Incensurato, 21 anni, una vita e un lavoro nel cuore del centro storico cittadino, animati e vissuti nel segno dell’onestà, falciati da uno sfrontato ed insensato agguato, consumatosi poche ore dopo l’avvisaglia insita nel pestaggio, quello stesso pomeriggio, ancora lì, in quella stessa officina. Tre colpi al petto che macchiano di sangue quella tuta pregna di grasso, sudore e sacrifici.
Luigi conosceva alcuni ragazzi, della sua stessa età, ritenuti vicini al clan Mazzarella: i rivali, gli antagonisti, gli alacri nemici della “pranza dei bimbi”. Contatti superficiali, di quartiere, ordinaria amministrazione tra coetanei che si aggirano tra gli stessi vicoli, seppur animati da intenzioni ed ideali agli antipodi. La pacata volontà di condurre una vita umile ed onesta, da un lato. Lo sfrontato desiderio di fare carriera tra le file del clan, dall’altro.

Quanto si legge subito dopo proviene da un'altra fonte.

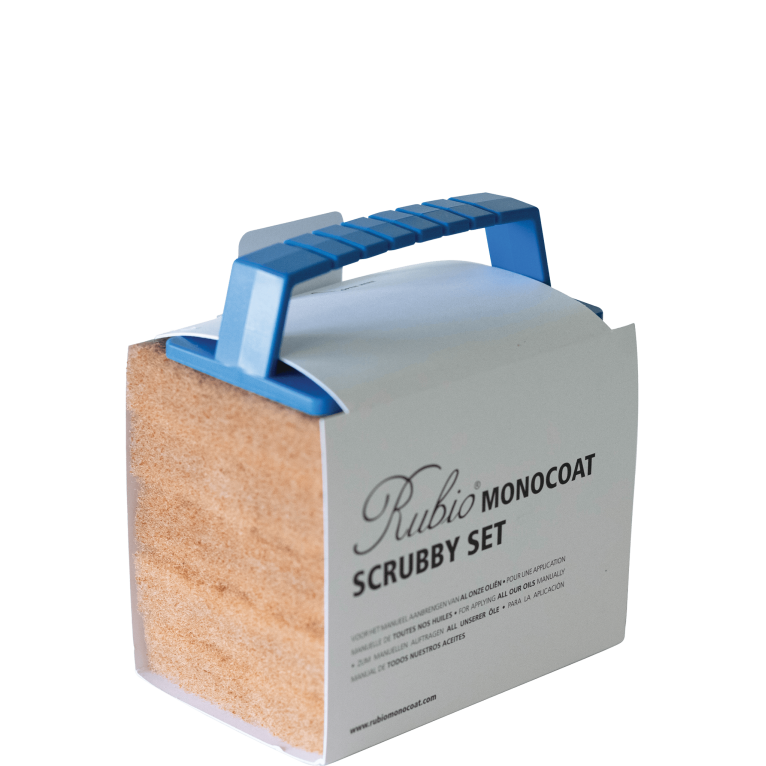 Scrubby Set | Outils d'application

Luigi, però, ha probabilmente pagato con la vita il legame di parentela con Luigi Criscuolo, uno dei presunti esponenti del clan dei «capelloni» scompaginato all’alba di ieri.
La Procura sostiene che dietro l’omicidio di Luigi vi siano il volere e la mano del clan Sibillo, così come quei due ceffi che hanno fatto irruzione nell’officina quella mattina del 31 luglio per imporre al giovane meccanico quel cruento interrogatorio, appartengano alla stessa paranza dei bimbi.
Il movente va probabilmente ricercato nell’impellente e feroce esigenza da parte del clan dei baby-camorristi di venire a conoscenza del covo del cugino di Galletta. Un’informazione della quale, con molta probabilità, Luigi effettivamente non disponeva.
Ma il diktat della camorra non conosce margine d’imprevisto: e “non lo so” deve esser sempre ed inconfutabilmente rientrare tra le risposte sinonimo di “lo so, ma non parlo” e, pertanto, è un affronto da punire con la morte.
In balia di queste sfrontate regole è in ostaggio anche la vita della gente comune e la morte di Luigi lo ricorda.